What’s more. This state has almost 50 semiconductor-related courses and programs. Michigan Tech, for instance, from its undergraduate to graduate degrees in materials engineering, mechanical engineering, and its electrical and computer engineering ; as well as its specialized graduate certificates in manufacturing engineering and automotive systems, has a long history in preparing students for all things semiconductors. Whether its the materials from which they are made, to their design, processing, properties, applications, integrations, and even their repurposing, Tech has a program. The university also has a history of collaborating with the automotive industry and helping to ensure its success.

Furthermore, on May 5, 2022, The Michigan Strategic Fund approved the Semiconductor Technician Apprenticeship Network Program. Michigan is one of only three states, in fact, that is launching plans to define curricula that will support employers in the semiconductor industry.

In short, both Michigan Tech and the state have the drive, talent, resources, and history to advance semiconductor production and to make Michigan a leader on both the national and global stages.

Making a Historic Investment in Chip Technology

The Semiconducor TAT answers the call of the bipartisan 2022 CHIPS and Science Act (August 9, 2022). Nearly a year in the making, this act implemented previous programs under the 2021 CHIPS for America Act (January 2021). It also authorized nearly $250 billion in semiconductors and scientific research and development. This monumental amount adds up to the country’s largest publicly funded R & D program.

The CHIPS and Science Act responds not only to semiconductor shortages, but also to the decline in American microchip fabrication. That is, in January 2021, the US manufactured 12% of the world’s chips, which is down from 37% in the 1990s.

The act, which focuses on building key critical semiconductor technologies in the United States, has several goals:

  • Building a stronger and more diverse workforce
  • Creating high-paying technical manufacturing jobs
  • Supporting and extending American manufacturing
  • Investing in American science and innovation
  • Rebuilding and securing our supply chains

Most of the act’s funds ($169.9 billion) are dedicated to research and innovation. These funds are dispersed among several foundations, which include the National Science Foundation (NSF), Department of Commerce (DOC), Department of Energy (DOE), and the National Aeronautics and Space Administration (NASA).

All departments will expand semiconductor research, development, training, and talent. For instance, in its budget, NSF’s mandate is investing in research, building a STEM workforce, and expanding rural STEM education.
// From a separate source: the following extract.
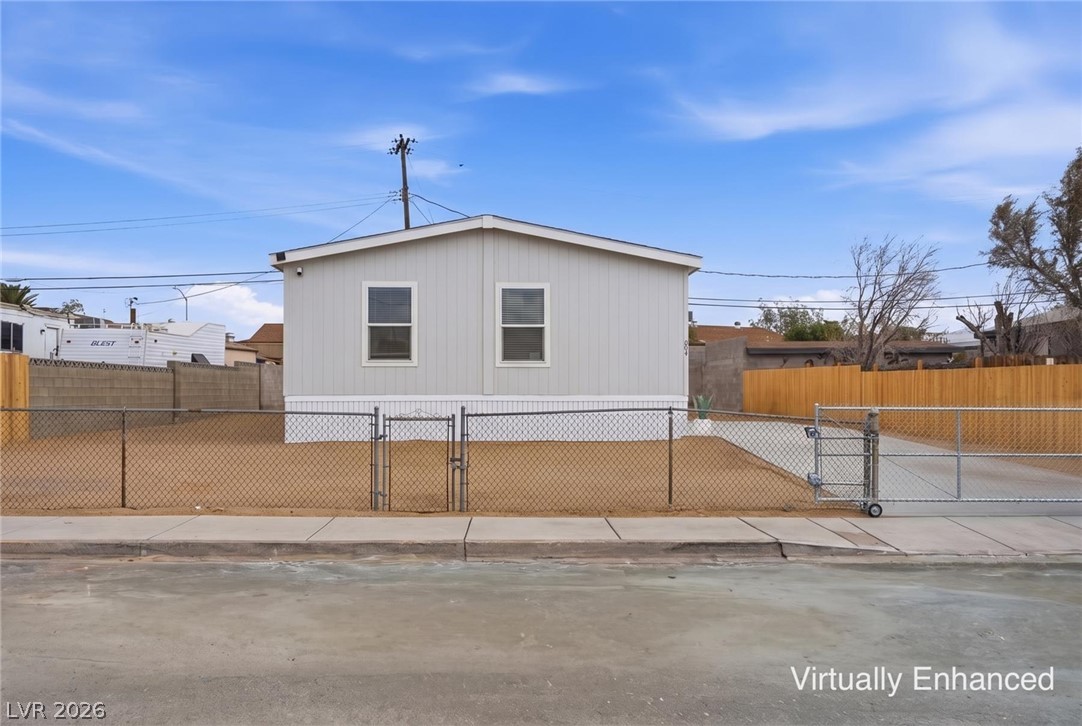 204 Mojave Lane Henderson NV 89015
Supporting the Growth of Local and State Economies

The act also directs the DOC to create 20 geographically distributed regional technology hubs. These hubs will focus on developing technology, creating jobs, promoting U.S. innovation, and providing economic development activities for distressed communities.

Besides the $169.9 billion dedicated to research, there is a $54.2-billion-dollar federal advancement for domestic semiconductor production and public wireless supply chain innovation. $39 billion, the responsibility of the Department of Commerce (DOC) Manufacturing Incentives, is allocated to building, extending, and modernizing domestic semiconductor facilities. Another $200 million is for jump-starting the development of the domestic semiconductor workforce, which has faced extreme labor shortages.
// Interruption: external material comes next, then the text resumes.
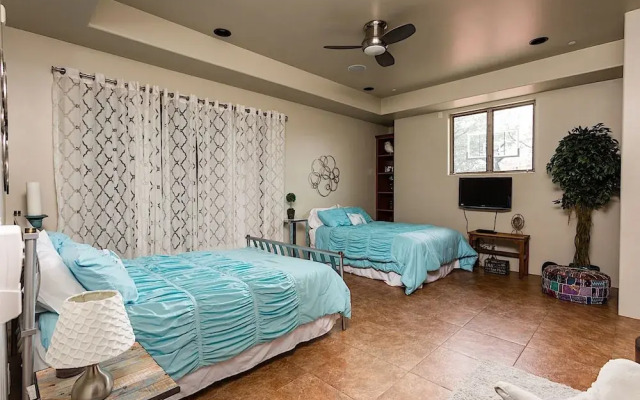 Sundown Retreat 4 Br By Casago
In short, the CHIPS and Science Act will support American manufacturing and create jobs, It will also ensure that, when it comes to STEM education, semiconductor research, and chip production, the US will be a global force.
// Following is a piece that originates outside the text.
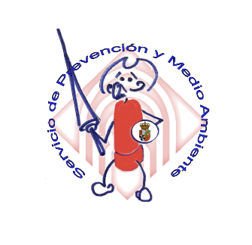 Servicio de prevención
Taking First Crucial Steps: What’s Next for the TAT?

The ultimate goal of the Semiconductor TAT is to help Michigan access funding in order to increase its STEM workforce. Another objective is leveraging the state’s talent, assets, resources, so that it leads the future of the semiconductor industry.

But big goals begin with small steps. The TAT’s first objective is having its partners form advisory boards. These boards will provide strategic direction on the semiconductor programs, talent, and research that exist at Michigan’s universities and colleges. They will also analyze the “broader semiconductor and technology ecosystem” to develop a better understanding of industry needs for semiconductors.

The university community looks forward to learning about Michigan Tech’s contributions to the Semiconductor TAT as well as this group’s ongoing initiatives.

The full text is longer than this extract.